Шрифт:
Интервал:
Закладка:
Эти события всколыхнули мирную, сонную жизнь Косатой балки и ее окрестностей. Не зная, как их объяснить, некоторые люди воспринимали несчастья как возмездие за прегрешения свои, другие как некое предупреждение и знамение.
И в самом деле, на Косатую балку со всех сторон начала наступать, как чума, всесильная рисовая система, грозившая ей уже окончательной погибелью.
Балка эта, хотя и была местом вроде бы глухим, но захолустьем, прозябающей окраиной не была никогда. «Там не было отшиба», — так сказала мне Галина Пантелеевна Чернявская, когда-то работавшая на ферме бригадиром. Балка, оказывается, была строго поделена на участки между рыбаками. Был там и свой перевозчик с байдой — горбун Саша Ушаков. Рыбы же водилось так много, что волки, рыскавшие по терновникам, выхватывали из воды огромных шаранов и бросали их прямо на дороге. Феодосия Анисимовна Крутофал, жившая на царэ-не, приговаривала бывало: «Хоть бы Тэмоха рыбэ нэ пиймав!.».. То есть мечтала о том, как бы Тимоха, муж ее, Тимофей Иванович, снова не наловил рыбы, ибо девать ее было уже некуда, а чистить приходилось, а если попадалась щука или судак, то с ними — одна морока, заботы на целый вечер. Но Тэмоха все равно ловил рыбу и по однажды заведенной привычке приносил домой.

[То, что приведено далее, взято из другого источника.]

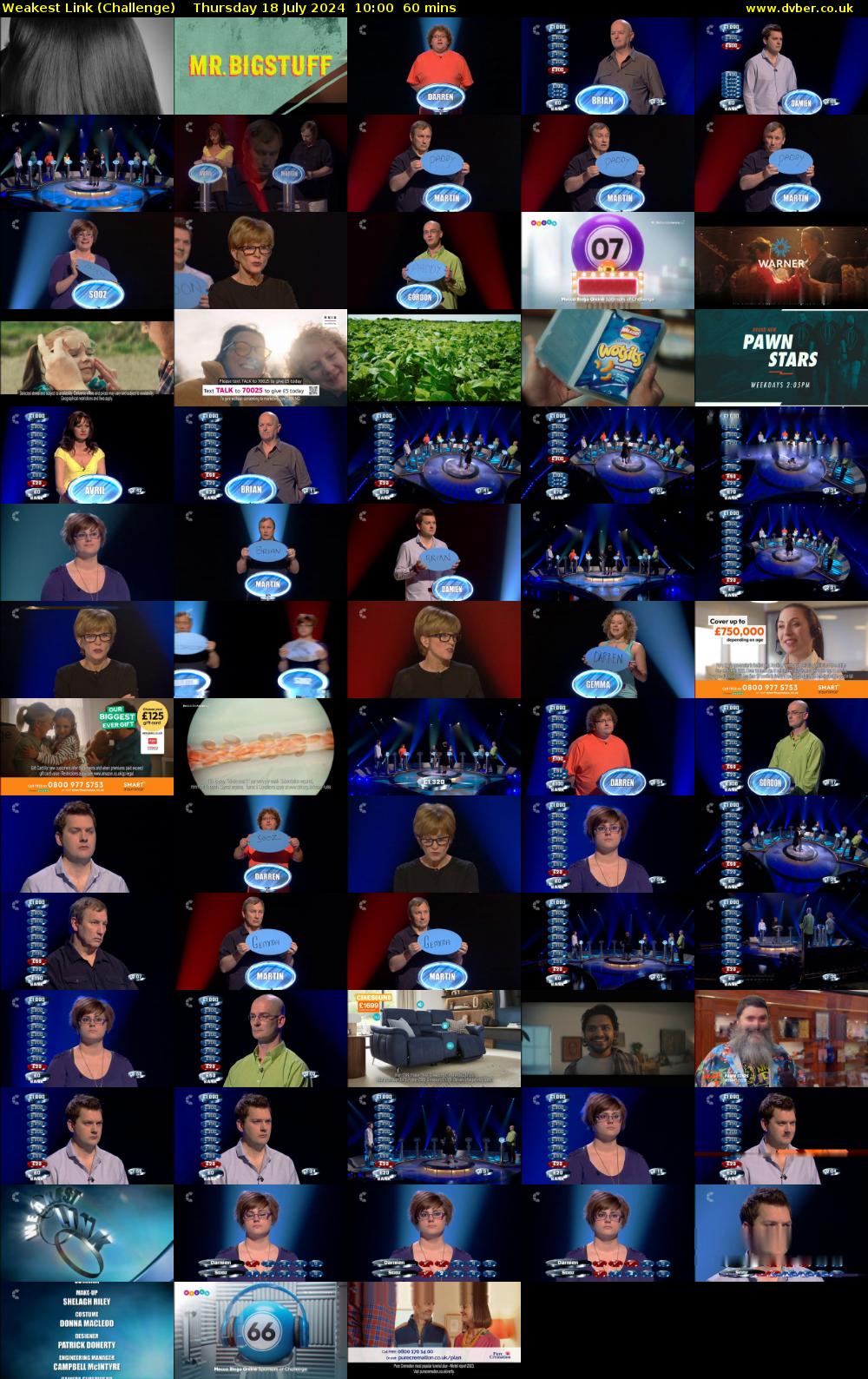 Weakest Link (Challenge) Thursday 18 July 2024 10:00 - 11:00
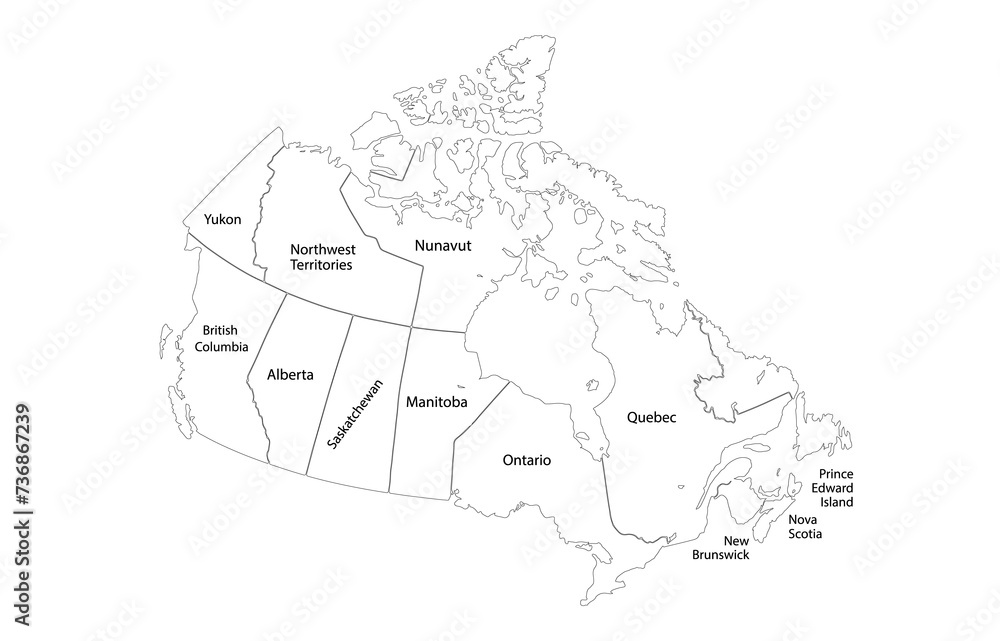 map of Canada with name of states in transparent background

Теперь у Косатой балки, вокруг нее, там, где она некогда существовала, снова запустение. Срезан на металлолом ветряк, нет больше ферм. Заброшенные коровники самочинно разбираются и растаскиваются на кирпичи. Там снова произошло что-то неладное, опять что-то пошатнулось. Какая-то напасть в который раз наступала на эту степную зеленую закраину.
О том, что жизнь здесь снова дала трещину, свидетельствовали не только внешние приметы запустения. Они были уже следствием иного падения, какого-то размягчения сознания и безволия душ.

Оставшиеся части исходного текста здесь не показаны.